Plus de trente ans après la sortie de Blade Runner, un logiciel réalise nos pires cauchemars en reconstituant le film et en dupant Warner Bros.

Les outils de création et d'édition numériques étant de plus en plus puissants, il est devenu extrêmement difficile de déterminer ce qui fonde l'authenticité d'un document, d'un contenu ou d'une œuvre.

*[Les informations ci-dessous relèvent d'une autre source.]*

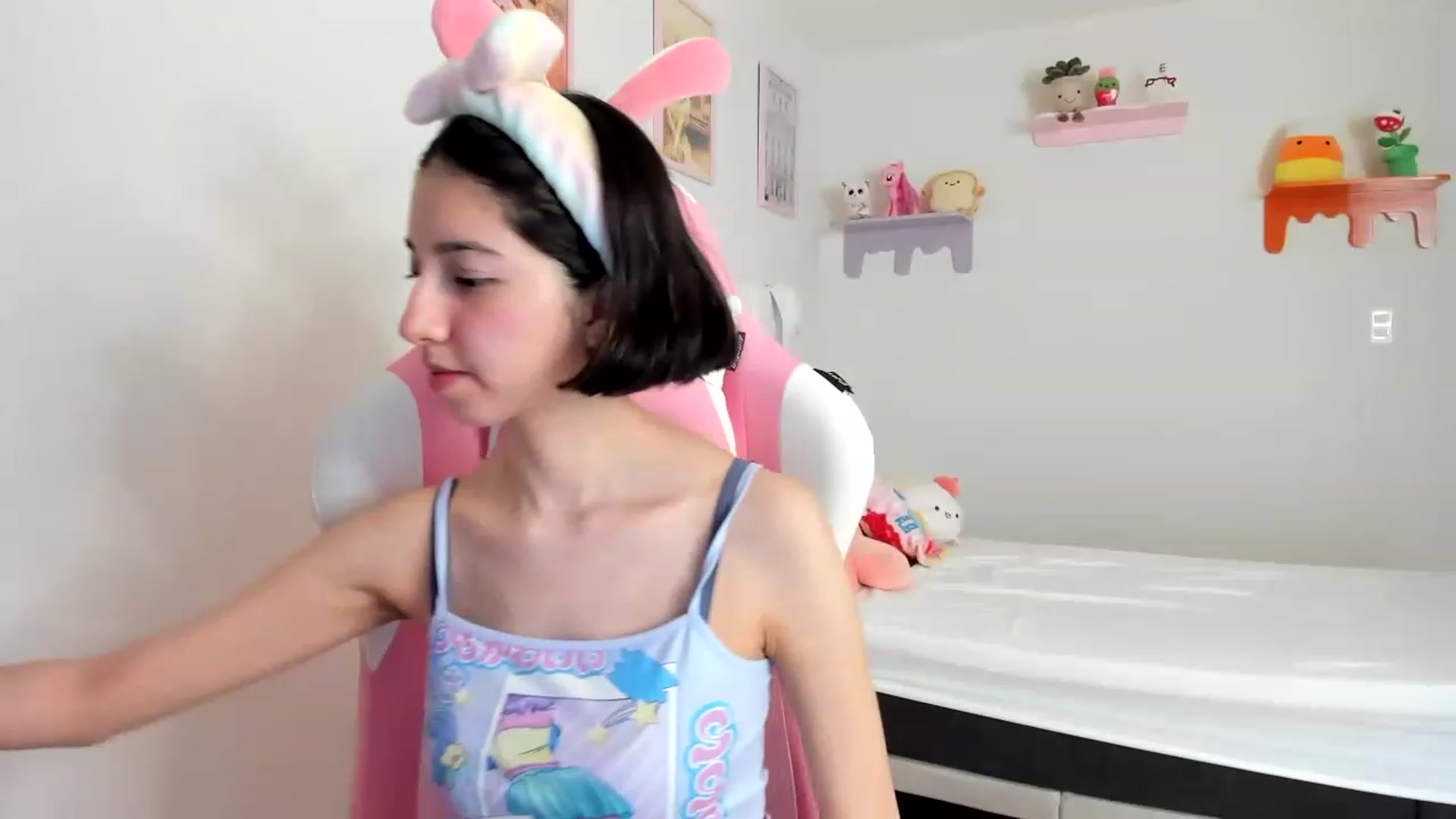 Gallery image thumbnail from Cherrycute666's myfreecams stream on, 05/03/2023, 16:42 image 6 of 20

Il est déjà loin le temps où manuscrits et enregistrements audio pouvaient constituer des preuves irréfutables devant un juge. Aujourd'hui, modifier sa feuille d'impôts, faire un montage photo ou créer des effets spéciaux crédibles sur un film amateur est à la portée de tous. Longtemps, le format vidéo est resté le support par excellence de l'authenticité, puisqu'il est difficile de répliquer la spontanéité et la subtilité des expressions d'un visage en images de synthèse. Pourtant, les experts savent maintenant animer en temps réel le visage de personnalités apparaissant sur YouTube, comme s'il s'agissait de vulgaires marionnettes. Une aubaine pour les théoriciens du complot, qui pourront maintenant imaginer que les expressions faciales de Vladimir Poutine sont contrôlées à distance par une bande de reptiliens farceurs.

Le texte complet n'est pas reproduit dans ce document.